**Work instruction:**
Please output the listing below character for character and omit the images.
#### Data excerpt ####
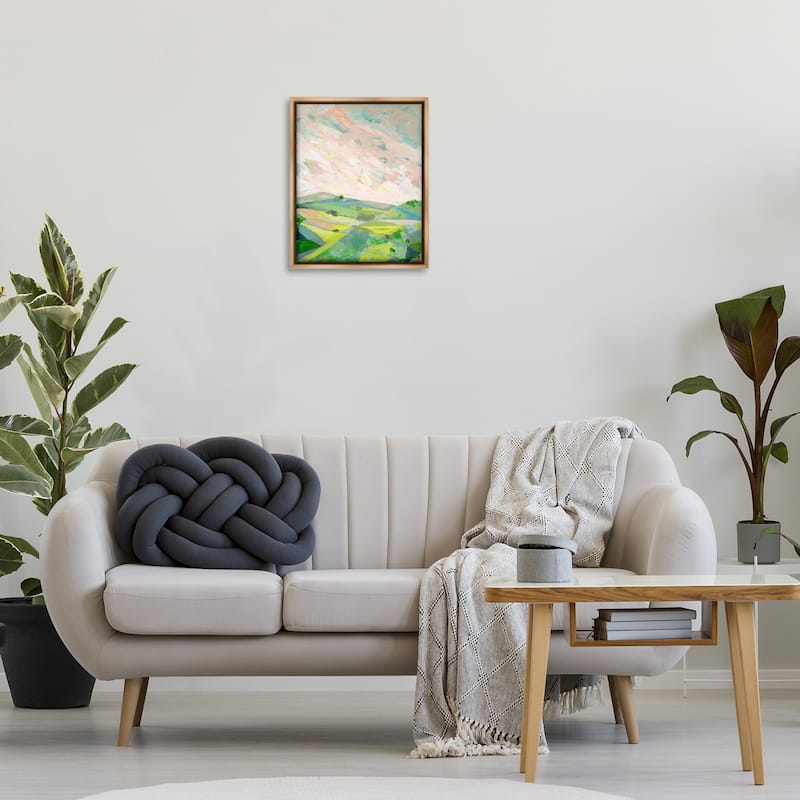 Stupell Vibrant Green Hills Landscape Framed Floater Canvas Wall Art Design By Ashley Davis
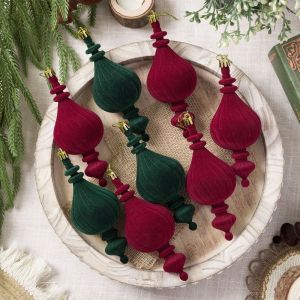 NAELIN 6pcs/Box Đồ thủ công tự làm được sơn màu. Đồ trang trí cây thông Noel Đồ trang trí treo. Quả bóng nhung. Đồ trang trí hình quả bóng nhung.  Nhựa Đồ trang trí hình nón bằng nhựa Dành cho trưng bày tại cửa hàng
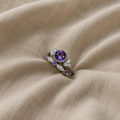 Violettes Kronen Ring-Set | Weissgold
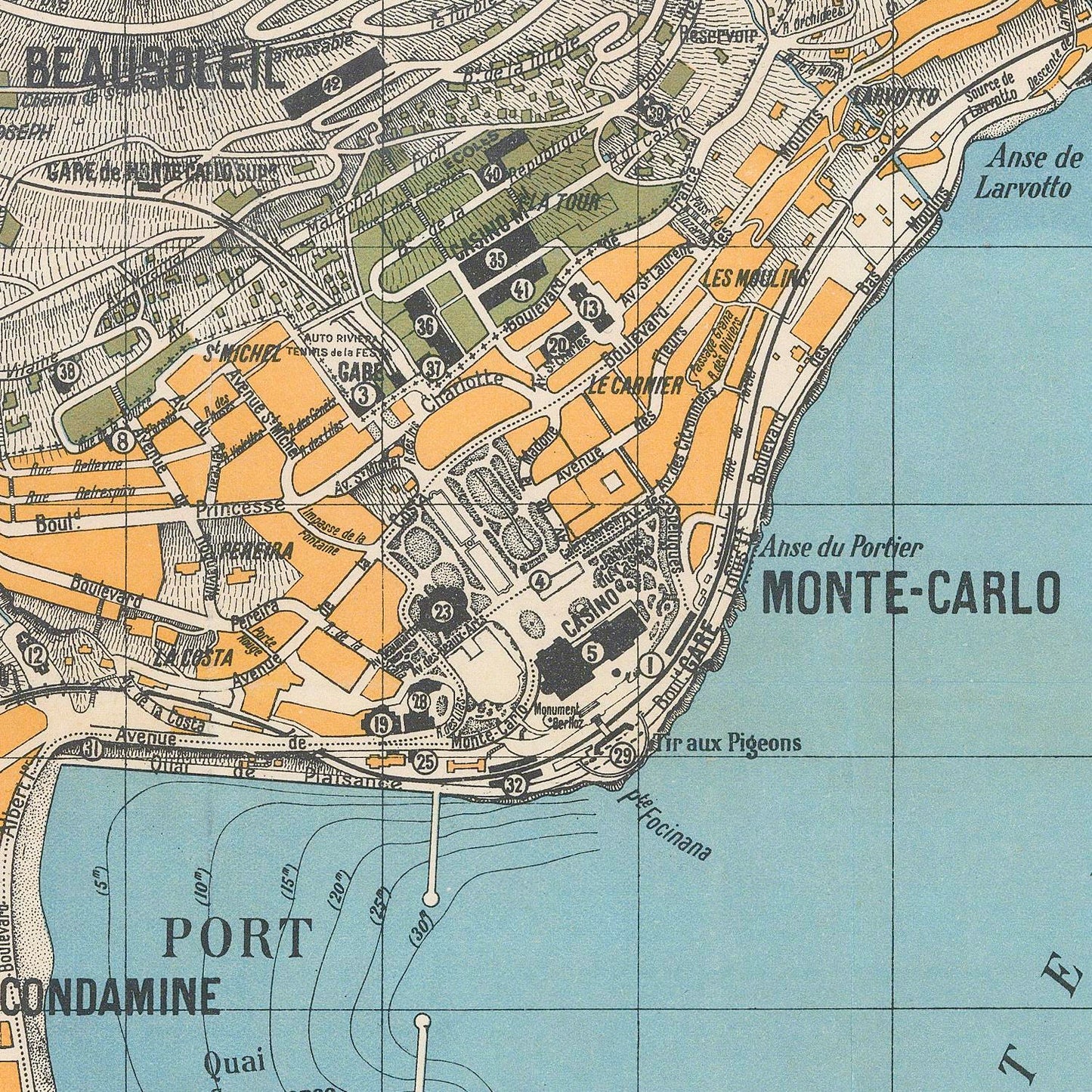 Vintage-style map print showing a coastal city layout with labeled streets, buildings, and landmarks including Monte-Carlo and Port. The map uses beige, orange, green, and light blue tones.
####
**Reply:**
 Stupell Vibrant Green Hills Landscape Framed Floater Canvas Wall Art Design By Ashley Davis
 NAELIN 6pcs/Box Đồ thủ công tự làm được sơn màu. Đồ trang trí cây thông Noel Đồ trang trí treo. Quả bóng nhung. Đồ trang trí hình quả bóng nhung.  Nhựa Đồ trang trí hình nón bằng nhựa Dành cho trưng bày tại cửa hàng
 Violettes Kronen Ring-Set | Weissgold
 Vintage-style map print showing a coastal city layout with labeled streets, buildings, and landmarks including Monte-Carlo and Port. The map uses beige, orange, green, and light blue tones.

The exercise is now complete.